I have a lib/db.js file that contains:

var pgp = require('pg-promise')();

var dbModule = module.exports;

dbModule.db = null;

dbModule.getDatabaseConnection = function() {
	if (!dbModule.db) {
		dbModule.db = pgp(...);
	}

	return dbModule.db;
};

Then, I require this module in multiple other files that help server REST API calls:

var dbModule = require('db.js');

return dbModule.getDatabaseConnection().one(sql.text, sql.values);

I don't ever free the connection/close it when I'm not using it, since it's supposed to act as the one main connection for the entire app to use.

Would I see performance benefits if I used to pg-pool? Unless I am misunderstanding, I only have one global connection, not a pool given my current setup, and all queries happen sequentially, in a blocked fashion? By switching to a pool, multiple connections would get round-robined and there would be less blocking?

If I am wrong, please let me know. Thanks!

Note: I do use transactions.

I'm not familiar w/ pg-promise so I can't answer questions related to it; however, you're correct about pg-pool using a pool of connections. You generally don't want to use a single database connection for your entire app because the PostgreSQL server can only process one query at a time sequentially for each open connection - so in a multi-tenant app like a web application using a pool allows n * m simultaneous queries where n is the size of the pool and m is the number of processes your app is running within.

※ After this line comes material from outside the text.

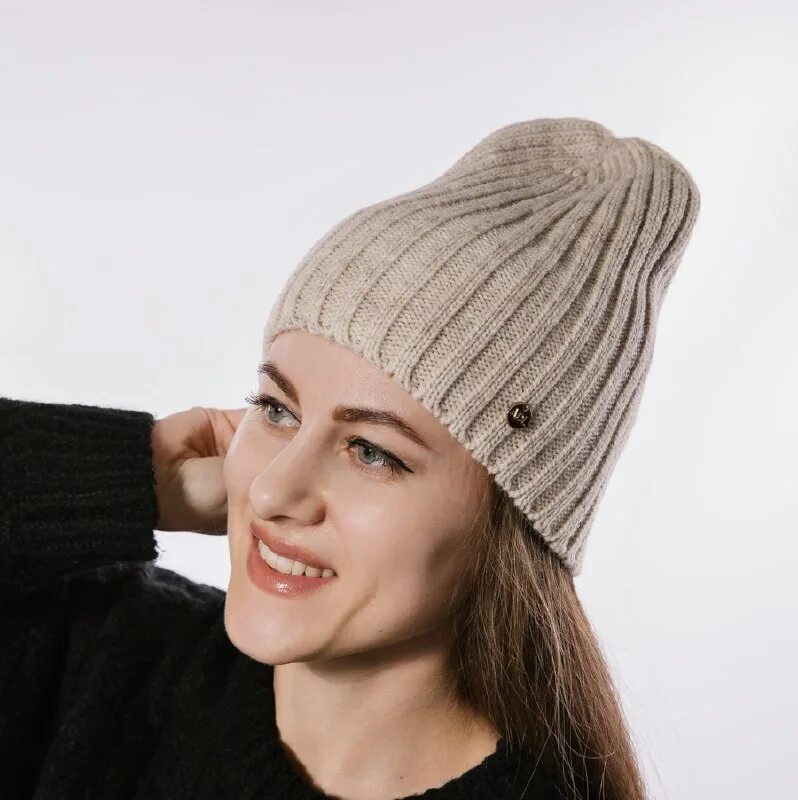 джейк джилленхол исходный код. в шапке код 9044. в шапке код 9044. девушка в шапке. колтер стивенс.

You can still use transactions with pg-pool no problem, you just need to make sure to run all queries for a given transaction on the same client.

pg-pool has a pool.query method that checks out a random idle client, runs a query, and checks the client back in. You wouldn't want to run a transaction with that method because you probably wont get the same client every time and bad things ™️ will happen due to that. pool.query is just a connivence function - it's common to do the following for a transaction:

const client = await pool.connect()
try {
  await client.query('BEGIN')
  const result1 = await client.query('INSERT INTO users RETURNING id', [user])
  const savedUser = result1.rows[0]
  const result2 = await client.query('INSERT INTO sessions (user_id)', [savedUser.id])
  await client.query('COMMIT')
} catch(e) {
} finally {
  client.release()
}

Hope this helps!

I appreciate the information + example. Here is what I came up with:

The goal is to have one function that all routes in the app call to return it a client from the pool.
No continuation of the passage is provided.